While Yellowstone’s hydrothermal features may be the most famous water features in Yellowstone – but they are aren’t Yellowstone’s only water features – it is also filled with many waterfalls, rivers, streams, and lakes.
Yellowstone is home to more than 300 waterfalls! The most popular are the Upper Falls, Lower Falls, and Tower Falls. But, there are many other waterfalls that hidden throughout the park – it just takes a little looking – Lewis Falls, Gibbon Falls, Virginia Cascades, Kepler Cascades, Moose Falls, Mystic Falls, Undine Falls are a few.
The Lower Falls is almost twice as high as Niagara Falls (it is officially 308 feet high), and marks the entrance of the Yellowstone River into the Grand Canyon of Yellowstone.

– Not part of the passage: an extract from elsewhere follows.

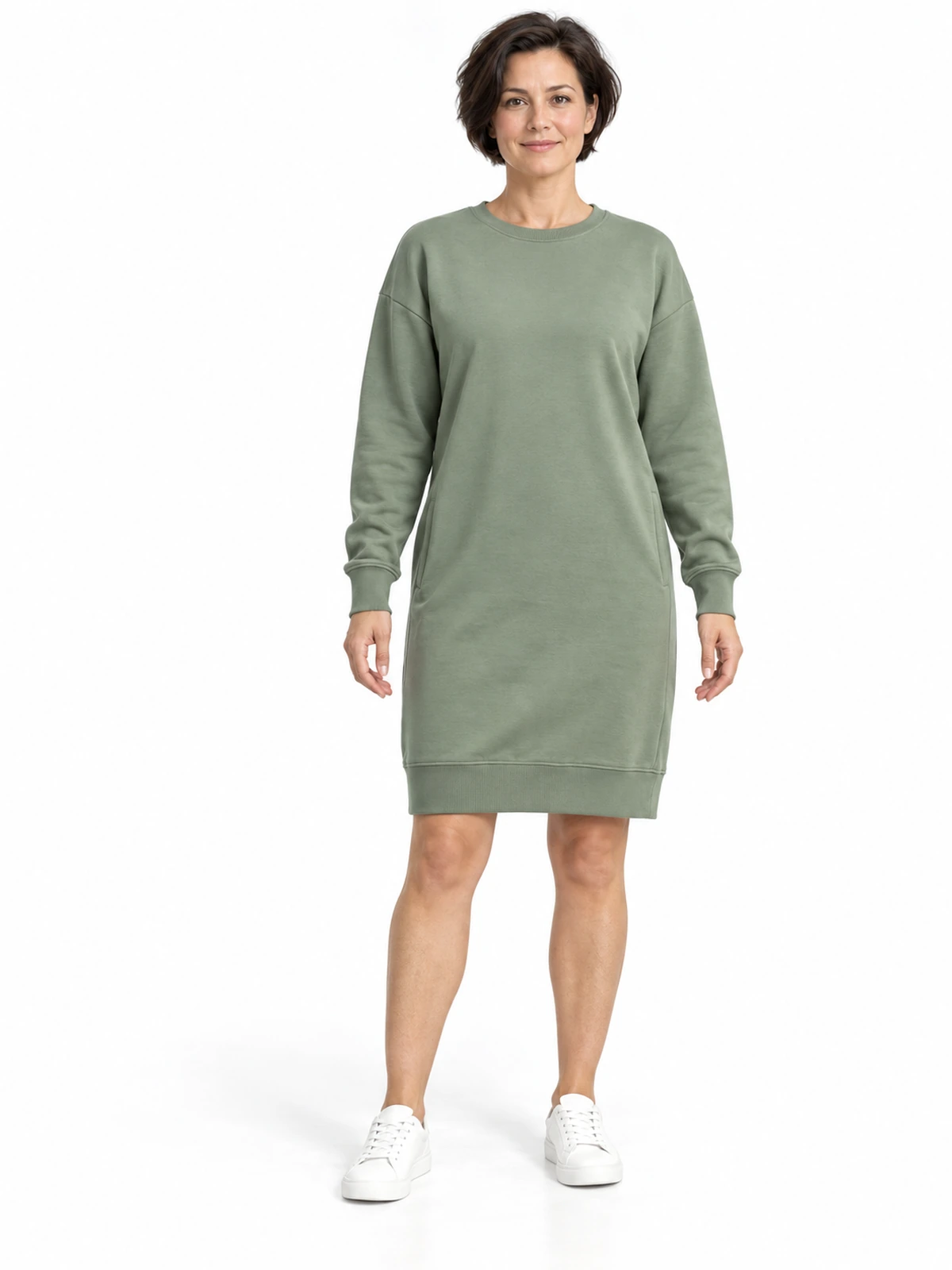 Mujer adulta con vestido sudadera verde salvia de cuello redondo, manga larga y largo a la rodilla, de cuerpo entero sobre fondo blanco.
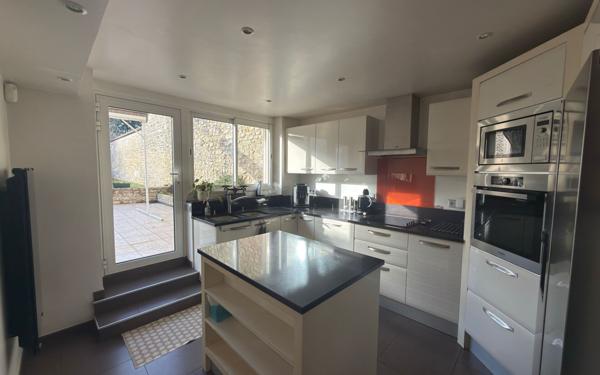 Maison à vendre    5 pièces • 171,60 m2 Magny-en-Vexin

Waterfalls are spectacular and powerful. But, how are they created? Well, usually waterfalls form where the rock bed of a river changes. Some rocks are harder than others, making them erode at different rates. The water of a river will erode softer rock faster than harder rocks. As the softer rock washes away, the path of the river becomes steeper – and then gravity takes over. Before you know it, you have a waterfall.
Rivers and Streams
Yellowstone is home to almost 200 rivers and streams. The Yellowstone River is the most well known. But there are others throughout the park – Firehole River, Gardiner River, Lamar River, and Madison River are a few.
The Yellowstone River flows northward – starting at Yellowstone Lake, near the Fishing Bridge. It travels over the Lower and Upper Falls and through the Grand Canyon. Eventually, the Yellowstone River merges with the Missouri River, and then into the Mississippi River – its waters finally end up in the Gulf of Mexico! It is the longest river in America that is truly wild – it does not have a dam or other man-made restriction on its flow.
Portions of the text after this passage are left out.